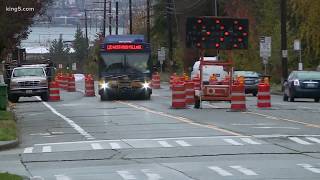 Metro planning upgrade for popular bus route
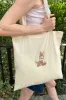 Deer Tote Bag sold by Brandy Melville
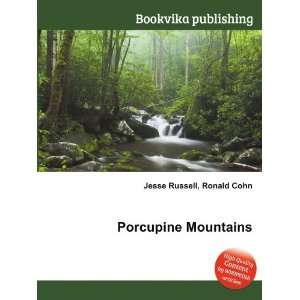  Porcupine Mountains Ronald Cohn Jesse Russell Books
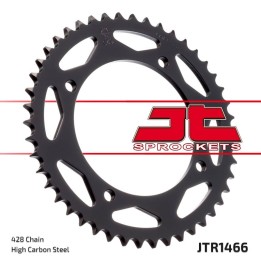 JT zębatka tylna 4656 44 kawasaki kx 65 '02-'15, klx 125 '10-'14 (465644JT) (łańc. 428)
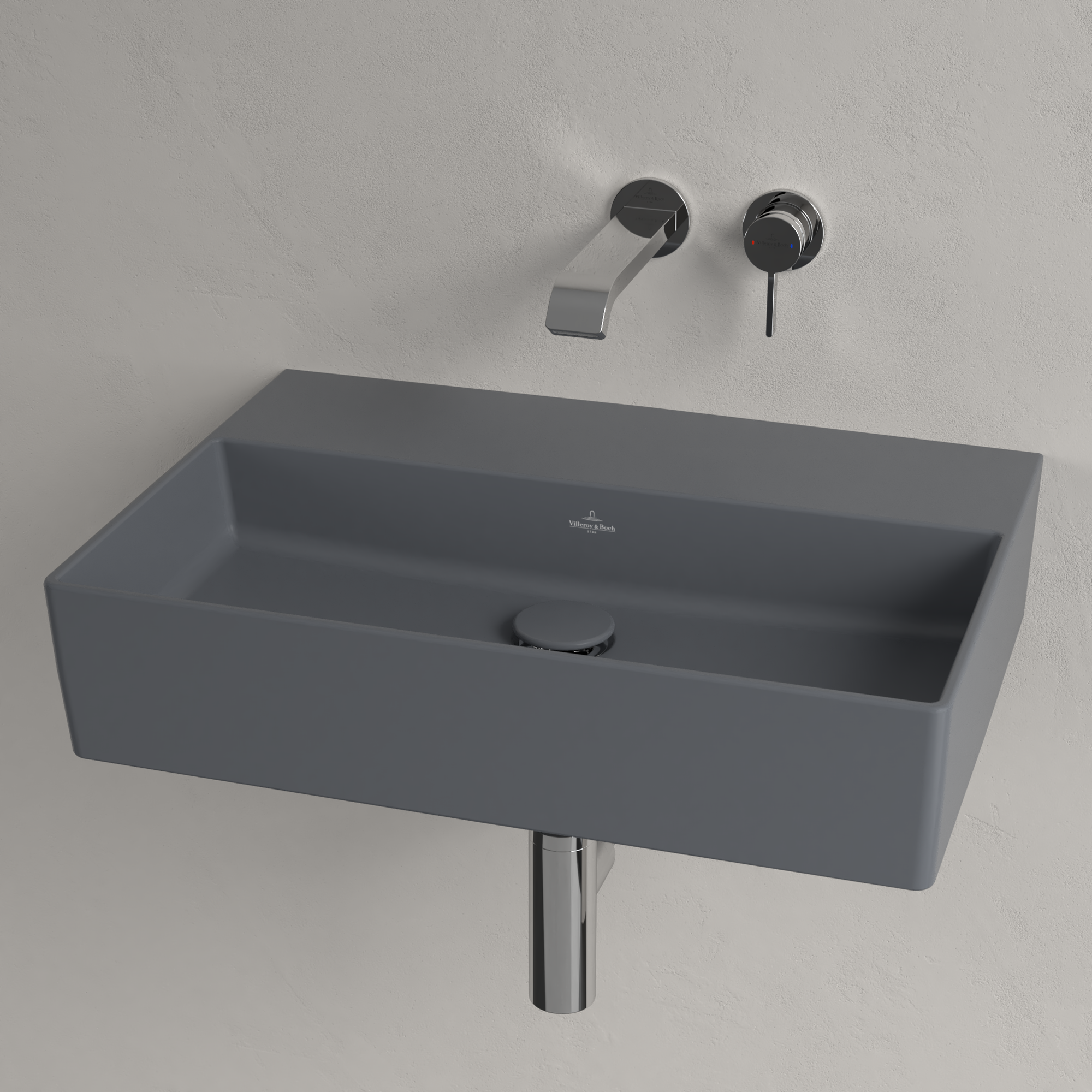 Villeroy & Boch Memento 2.0 Washbasin 60cm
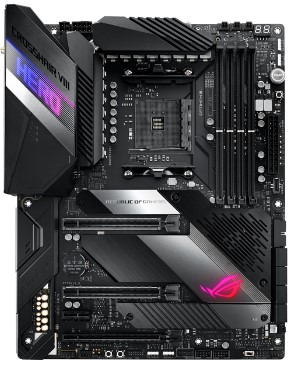 Asus ROG X570 Crosshair VIII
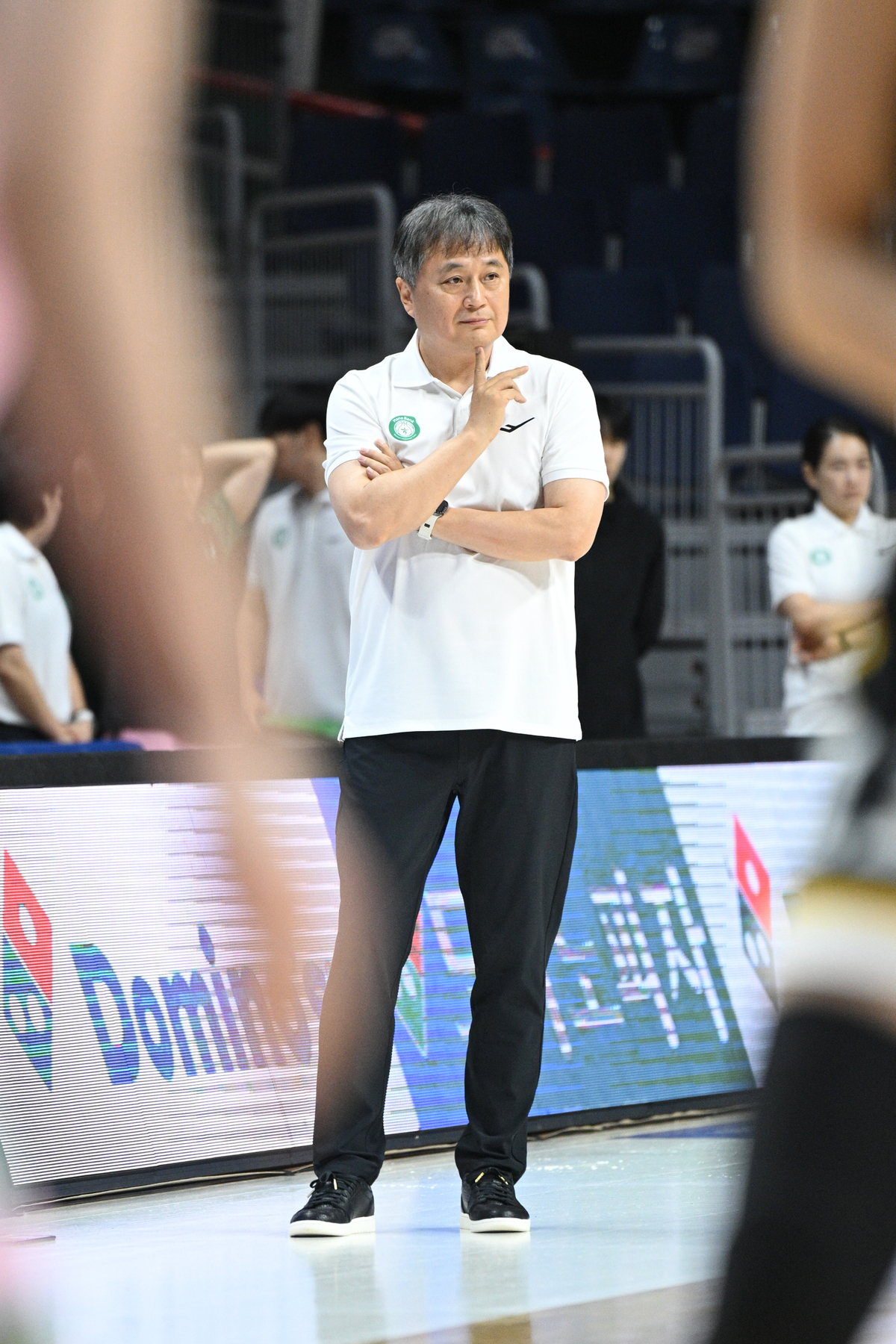‘KBL 우승 감독의 깜짝 발언’ 이상범 하나은행 감독 “‘언니 농구’ 반드시 바꾸겠습니다”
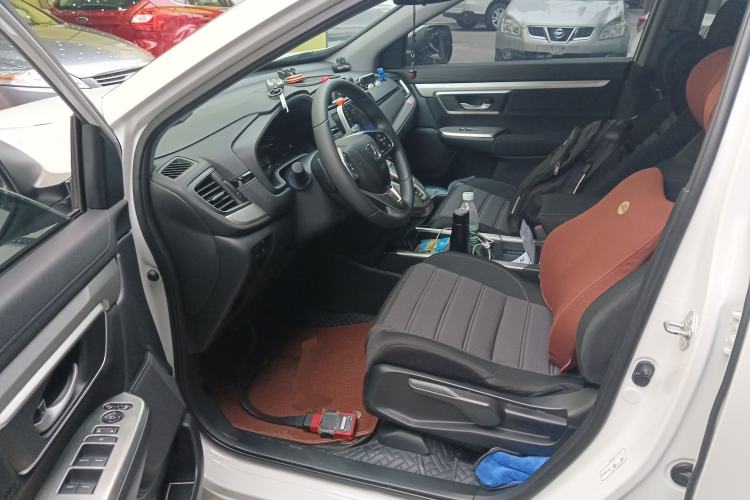 Used Honda CR-V 2021 Rui Hybrid 2.0L 2WD Pure Edition
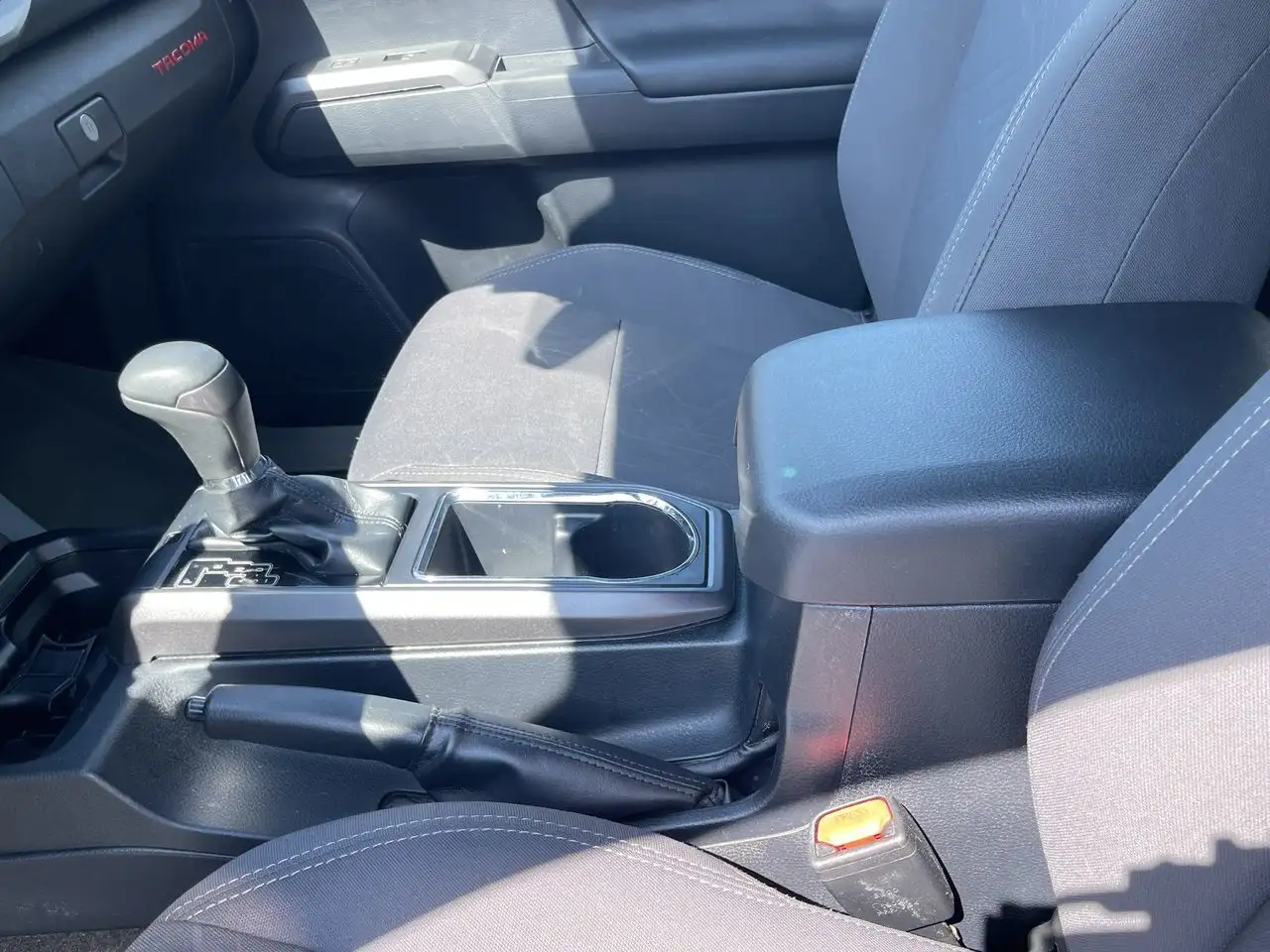 2019 Toyota Tacoma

What you should do =>
Reproduce each entry exactly as written, but leave out the images.

Response area =>
 Metro planning upgrade for popular bus route
 Deer Tote Bag sold by Brandy Melville
  Porcupine Mountains Ronald Cohn Jesse Russell Books
 JT zębatka tylna 4656 44 kawasaki kx 65 '02-'15, klx 125 '10-'14 (465644JT) (łańc. 428)
 Villeroy & Boch Memento 2.0 Washbasin 60cm
 Asus ROG X570 Crosshair VIII
‘KBL 우승 감독의 깜짝 발언’ 이상범 하나은행 감독 “‘언니 농구’ 반드시 바꾸겠습니다”
 Used Honda CR-V 2021 Rui Hybrid 2.0L 2WD Pure Edition
 2019 Toyota Tacoma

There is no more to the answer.